The fire still burns, the voices and rock ‘n’ roll guitars and vibes scorch, and the songs are fiery. Brilliant on all fronts. Call it rock, call it alt.country, brand it Americana: doesn’t matter. This is a great recording, one that embraces the history of a legacy band while accelerating it into a contemporary sound; well, contemporary for those of us who live more in the past, anyway.
Recorded during isolation without frills in Nanton, AB, songs like “Fool’s Errand,” “Old and Ugly,” and “Warren’s Van” immediately appeal. The album’s lead track and initial single “Girl in the Crowd” does similarly, with a terrific lead guitar run pulling it together over Quinton Herbert’s drumming; one presumes this is from Loree, but I am writing a bit blind without notes, so no guarantee. McDonald’s voice is so expressive here, yearning and yet coloured with wisdom: he’s been down this road before, one imagines, and it isn’t going to end well for anyone.
The flip side of the “Girl in the Crowd” digital single was a deadly, near note-for-note rendition of Chilliwack’s epic “Fly At Night;” given that the song’s co-writer Bill Henderson had produced Too Dumb to Quit, the inclusion of this Dreams, Dreams, Dreams radio classic makes a certain amount of sense. Henderson also contributes guitar to this appealing track.
Listening to this 50+ minute slice of Canadiana, one is repeatedly struck at how fresh and classic Still Got the Jacket sounds. “What Can You Do” and “Dodge” (“Hey, let’s go- get out of Dodge, there’s nothing to do, so not in a rush,” if my ears don’t deceive me is part of a refrain) could have been on any previous JGW set. And, for me, that is part of the joy of a long-ago favourite making a successful return: it is like they never left, and yet the music is new and the comfortable sound refreshed.

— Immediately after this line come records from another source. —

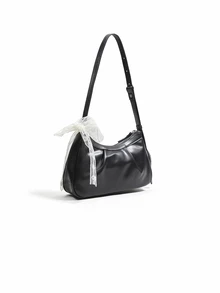 Trivaya New Women's Shoulder Bag, Versatile Pleated Cloud Bag, Fashion Underarm Bag - Black - View 2
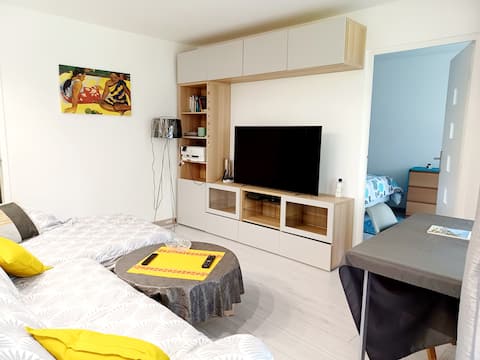 Nice family flat free parking tram T10 near Paris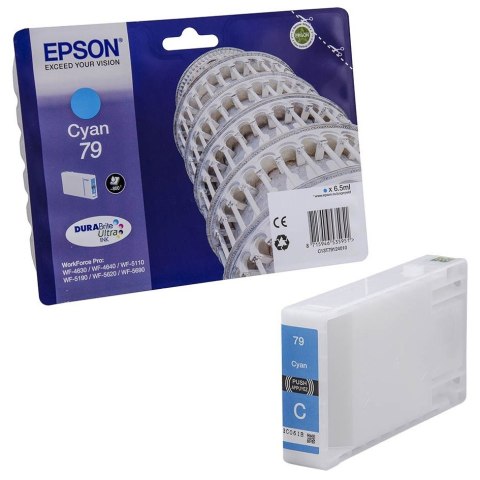 Tusz Epson T79 do WP-5110/5190/5620/5690 | 7 ml | cyan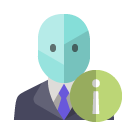 admin,info icon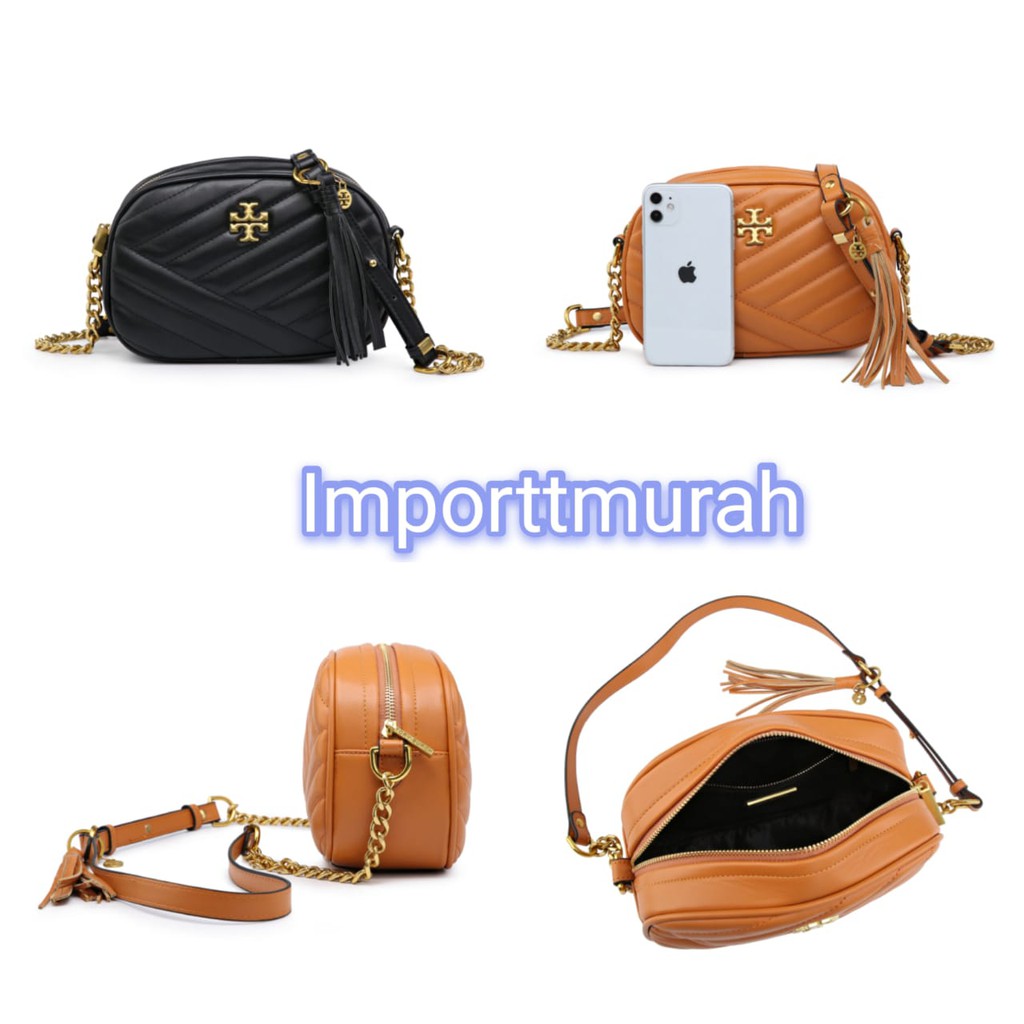 [IMPORTTMURAH] READY!! TAS TORY BURCH/TB TAS SELEMPANG/SLING BAG KIRA CHEVRON SMALL CAMERA NON BOX#146904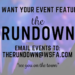 Deseja que seu evento seja apresentado no resumo? Envie um email!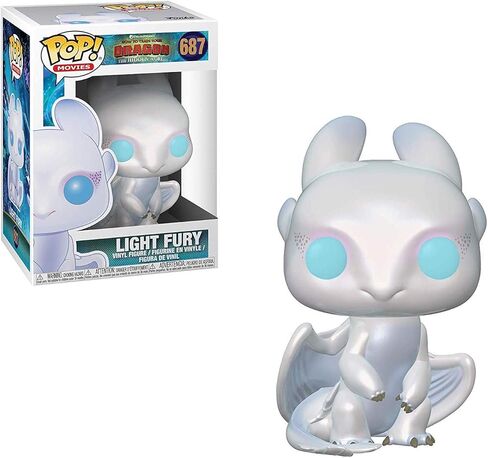 POP How to Train Your Dragon 3: The Hidden World - شخصية Light Fury Funko من الفينيل (مع علبة حماية صندوقية متوافقة)، متعددة الألوان، 3.75 بوصة in Kuwait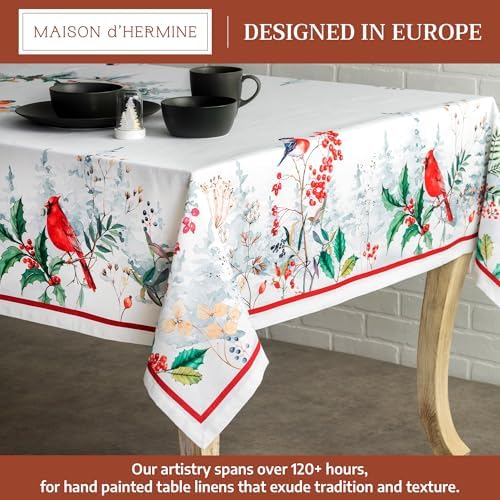 Maison d' Hermine Table Cloth Square Table Reusable 100% Cotton 60"x60" - Image 2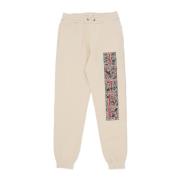 IUTER Kräm Fleece Sweatpants Elastisk Midja Beige, Herr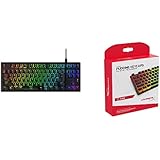 【日本語配列 キートップセット】HyperX Alloy Origins Core RGB メカニカルゲーミングキーボード テンキーレス HX-KB7RDX-JP + HyperX ABSプディングキートップ フル108キーセット HKCPXA-BK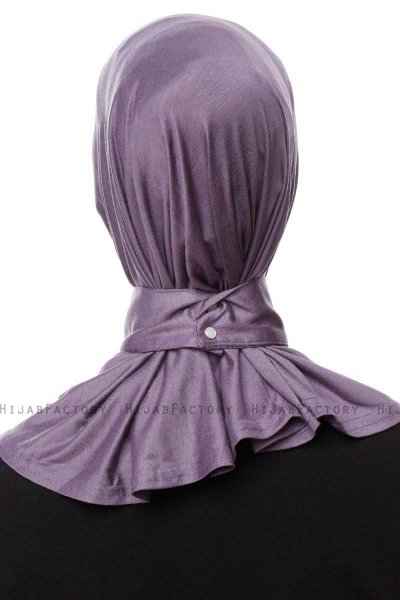 Zeliha - Purple Practical Viskos Hijab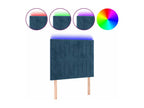 Tête de lit à LED Bleu foncé 100x5x118/ 128 cm Velours FVKL59292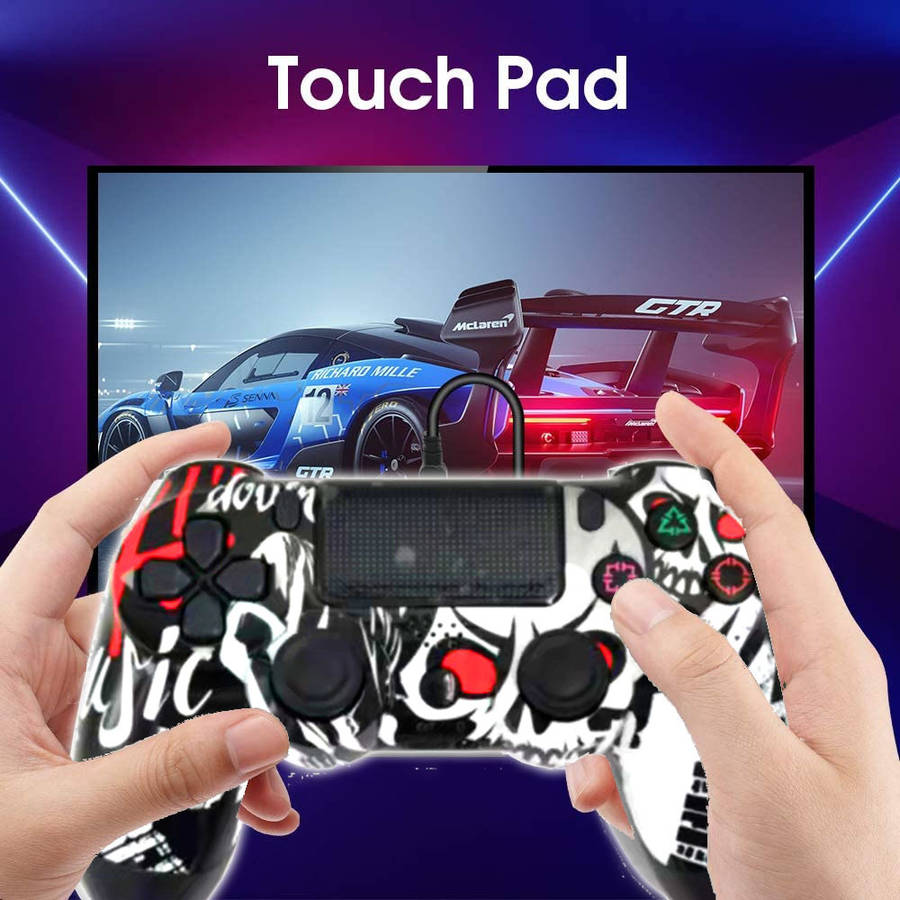 Mando Inalambrico PS4 Compatible con Play Station 4 Doubleshock Klack®  Multicolor Blanco – Klack Europe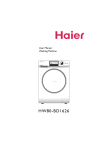 Haier Washer HW80-BD1626 User's Manual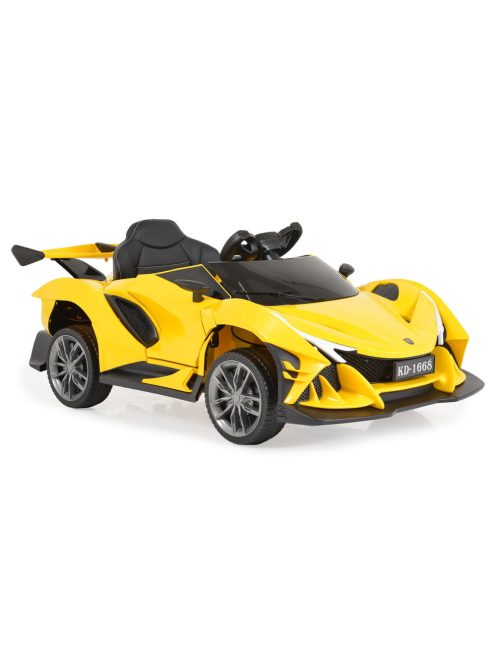 MONI BO Flash elektromos sport autó sárga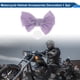 thumbnail image 2 of Accesorios para Casco de Motocicleta Decoración Moño de Sirena para Cascos de Motocicleta Bicicleta Esquí Tela Morada Sticker 1 Juego, 2 of 6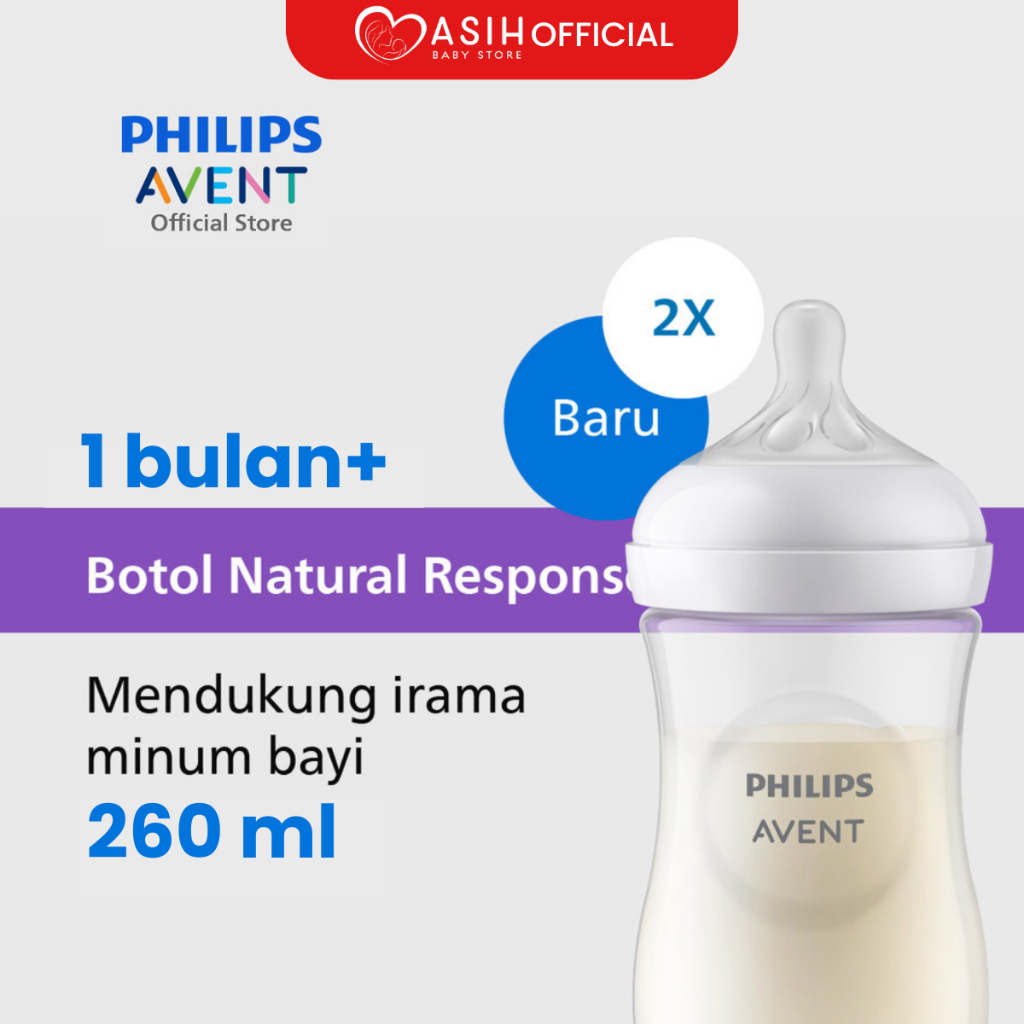 Botol Susu Avent Philips Natural 3.0 9OZ SCY903/02 260ml Newborn Anti Kolik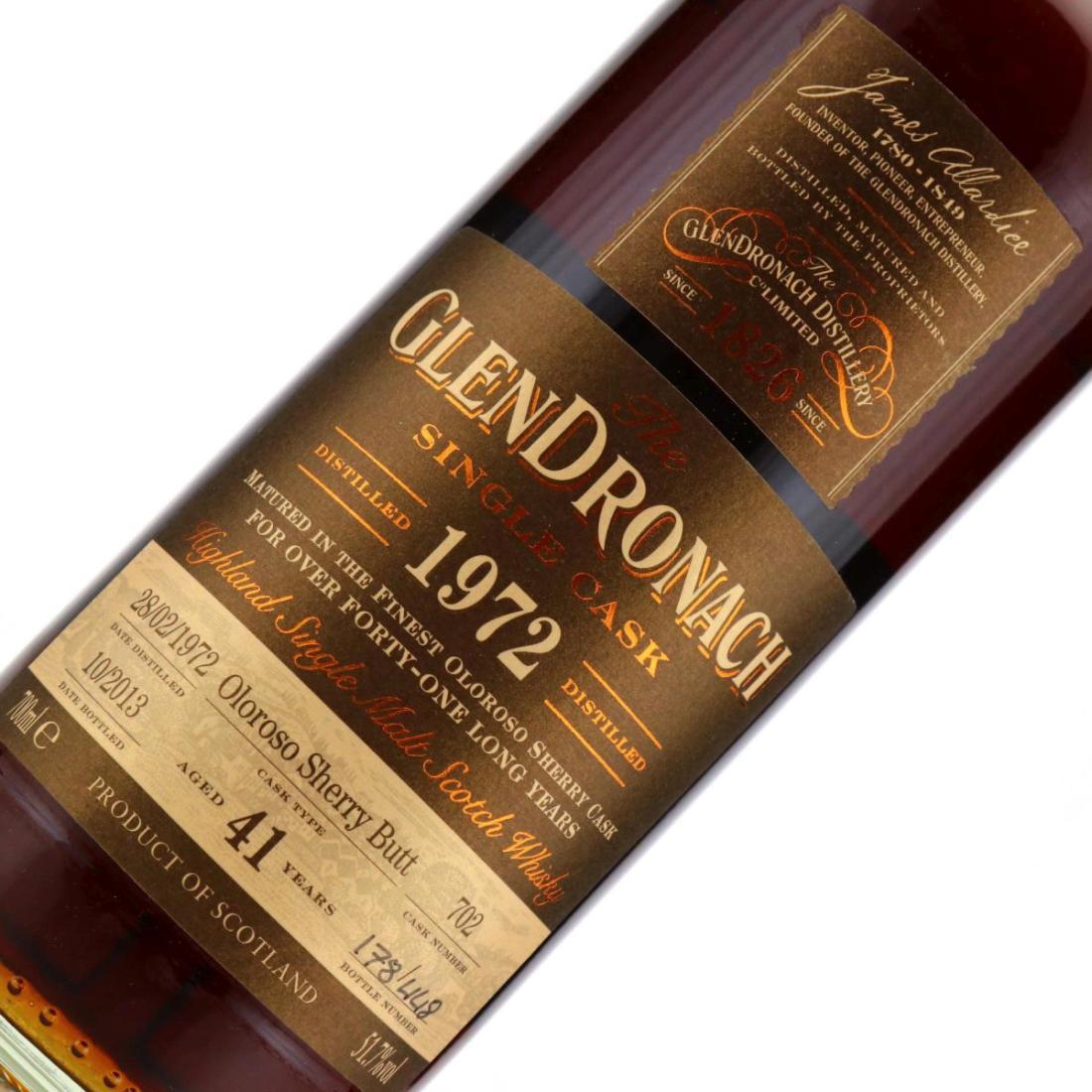 Glendronach 1972 Single Cask 41 Year Old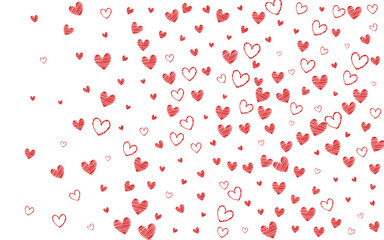 Red Papercut Vector White Backgound. Valentine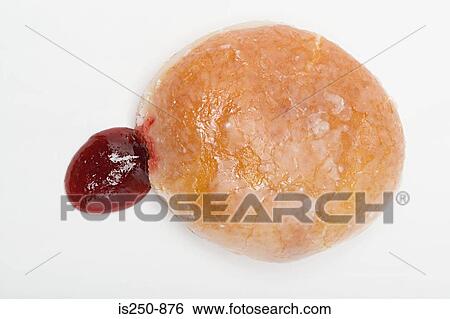 Jam doughnut View Large Photo Image Stock Photograph - Jam doughnut. Fotosearch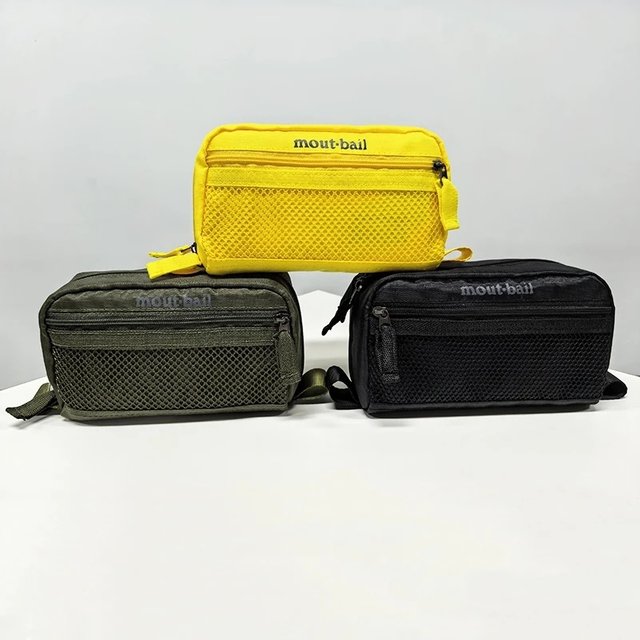 Large Capaci Nylon Makeup Bag Waterproof Multi-layer Wash Bag Ultra-light Mesh Bag for Travel And Camping Cosmetic Storage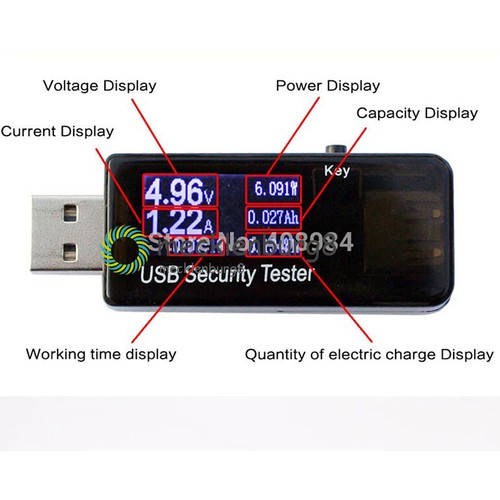 Tester usb lcd corrente - tester,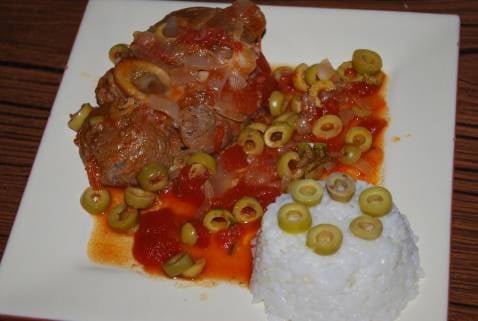 Jarret de veau aux olives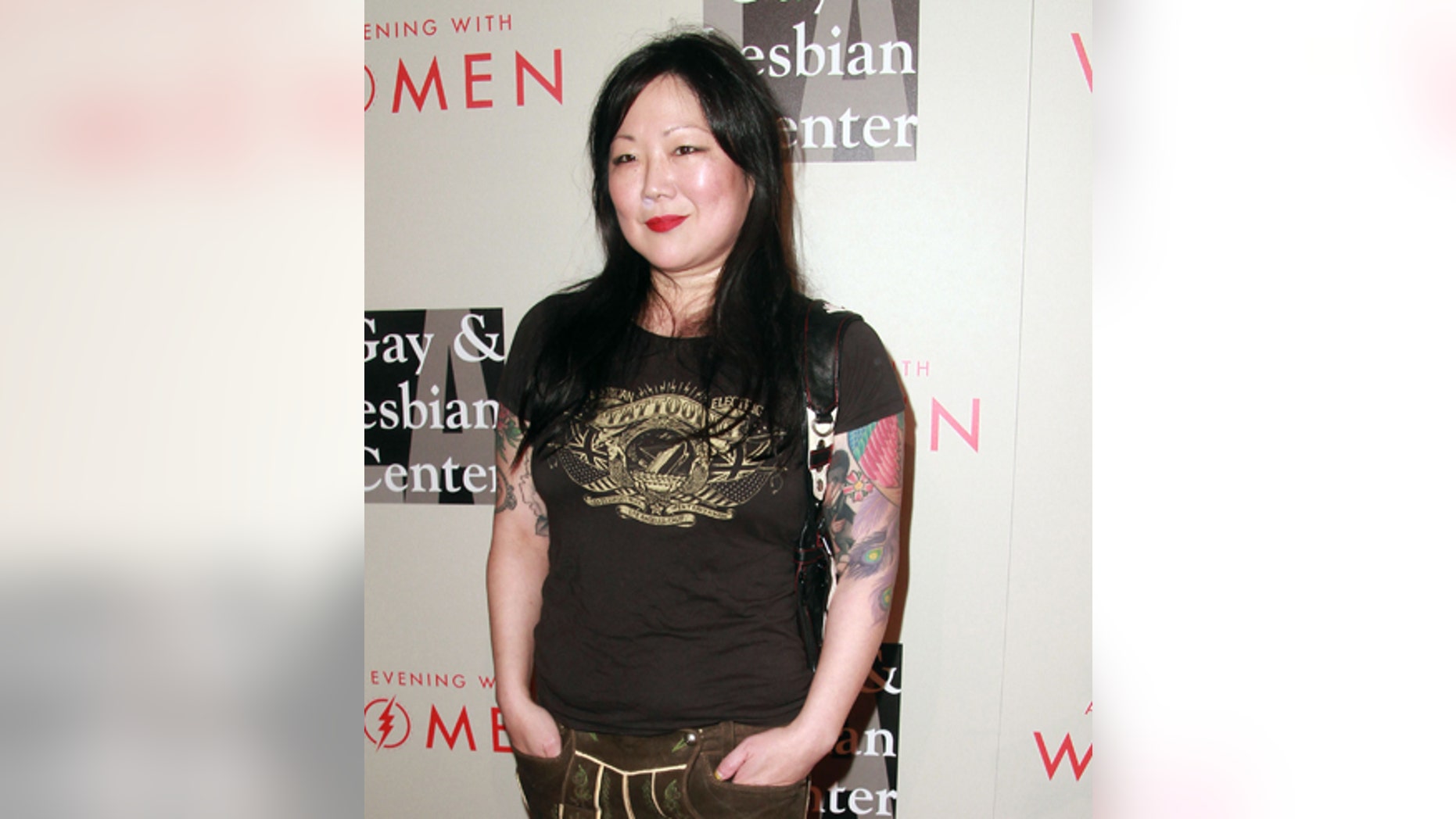 May 10, 2014. Margaret Cho arrives at The L.A. Gay and Lesbian Center's Annual "An Evening With Women,' at The Beverly Hilton in California.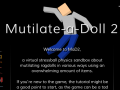 leikur Mutilate a doll 2: Ragdoll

If there’s one thing that I’ve learned, it’s that things could always be worse,
I’m blessed I can complain about it using rhyme and verse;
Though witty couplets and similes can’t solve what’s up with you and me,
Life is hell and art is just a curse. “Five Million Songs” McDonald
“Five Million Songs” and “Cool for the Kids (Good Lookin’ for My Wife)” provide further evidence that the self-deprecation vibe remains strong within the quartet, which includes original members McDonald, Loree, and bassist Dave ‘Dove’ Brown. “Him or Me (What’s It Gonna Be),” “What Can You Do,” and “Southern Cross” (courtesy of the Beat Farmers) sound made-to-order for my kinda radio stations, while “Chinook Arch” and “Behind the Wheel” take harder turns.
All-in-all, a very welcome and vibrant return for one of Edmonton’s, Alberta’s, and Canada’s best loved and remembered alternative powerhouses. Still Got the Jacket is not only a souvenir for what has been but a promise for that still to come.